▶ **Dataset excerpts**
::::::::::

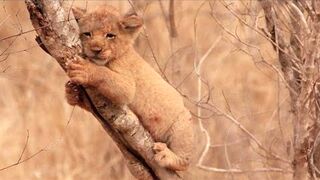 Lion cub thought its mother had died because it had not been home all night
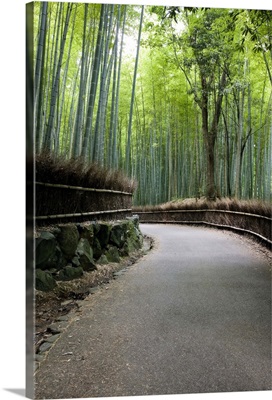 Bamboo forest in Arashiyama district, Kyoto, Japan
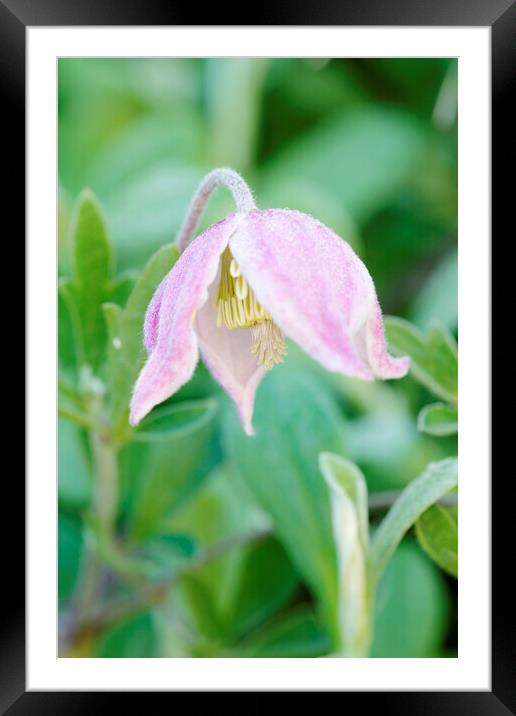 A pink Wild Clematis Flower Framed Mounted Print by Neil Overy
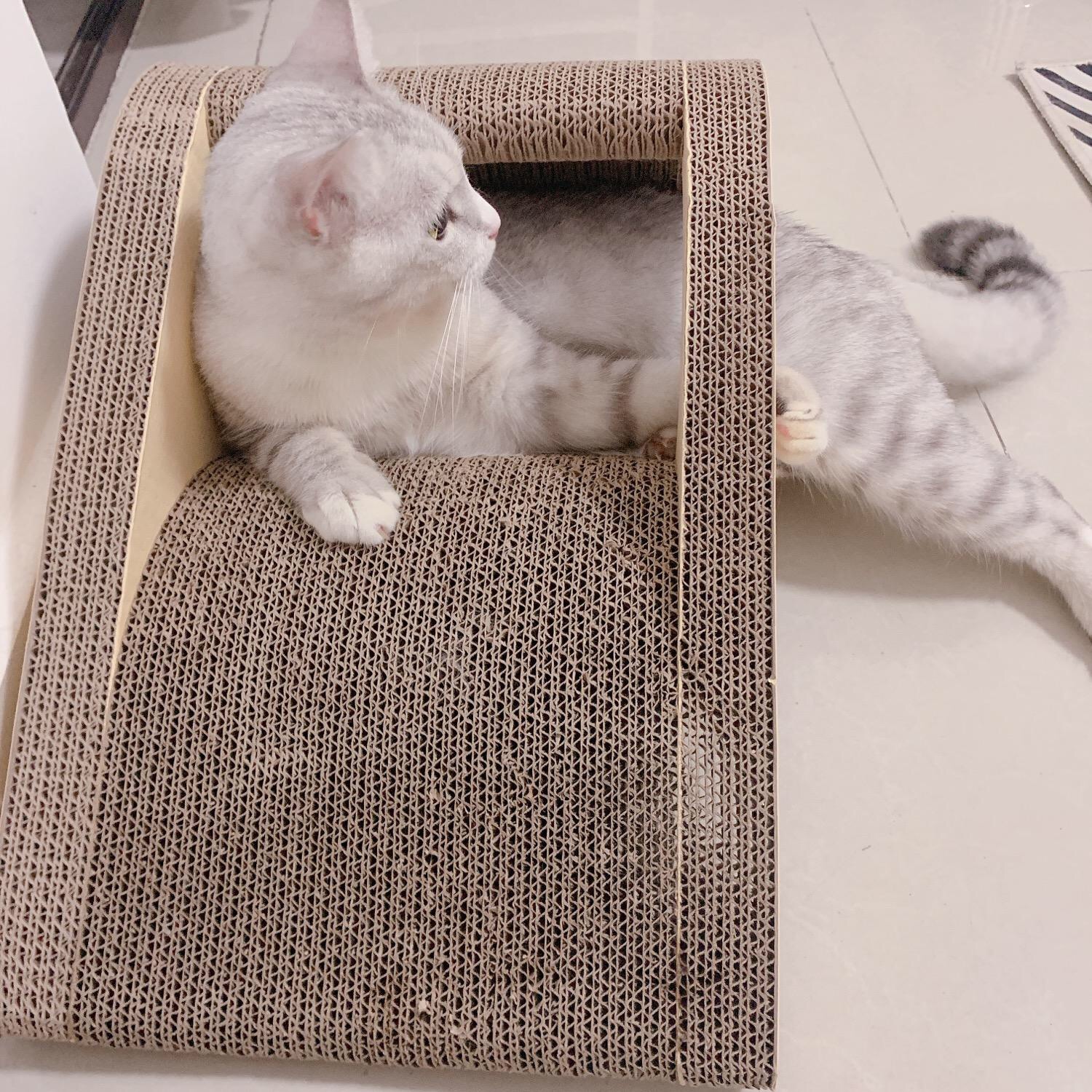 猫爬架有必要买吗？网友坦言：有个缺点难以忍受，还不如买猫抓板！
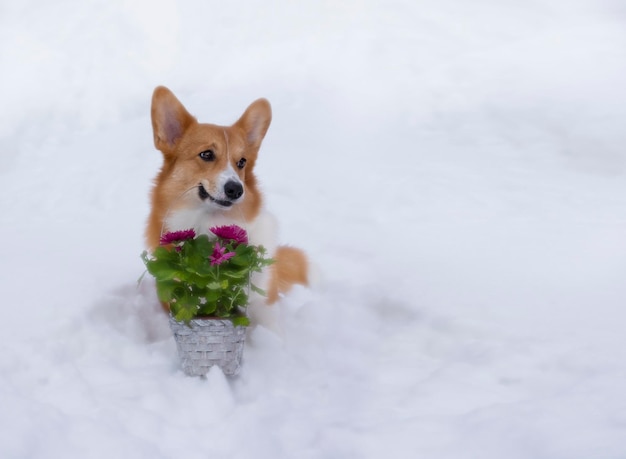 Chien mignon corgi gallois rouge pembroke tient dans la bouche un panier de fleurs sur la neige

::::::::::

▶ **ACTIVITY**
Excluding the pictures, restate the records above word for word.

▶ **SOLUTION TO THIS TASK**
 Lion cub thought its mother had died because it had not been home all night
 Bamboo forest in Arashiyama district, Kyoto, Japan
 A pink Wild Clematis Flower Framed Mounted Print by Neil Overy
 猫爬架有必要买吗？网友坦言：有个缺点难以忍受，还不如买猫抓板！
 Chien mignon corgi gallois rouge pembroke tient dans la bouche un panier de fleurs sur la neige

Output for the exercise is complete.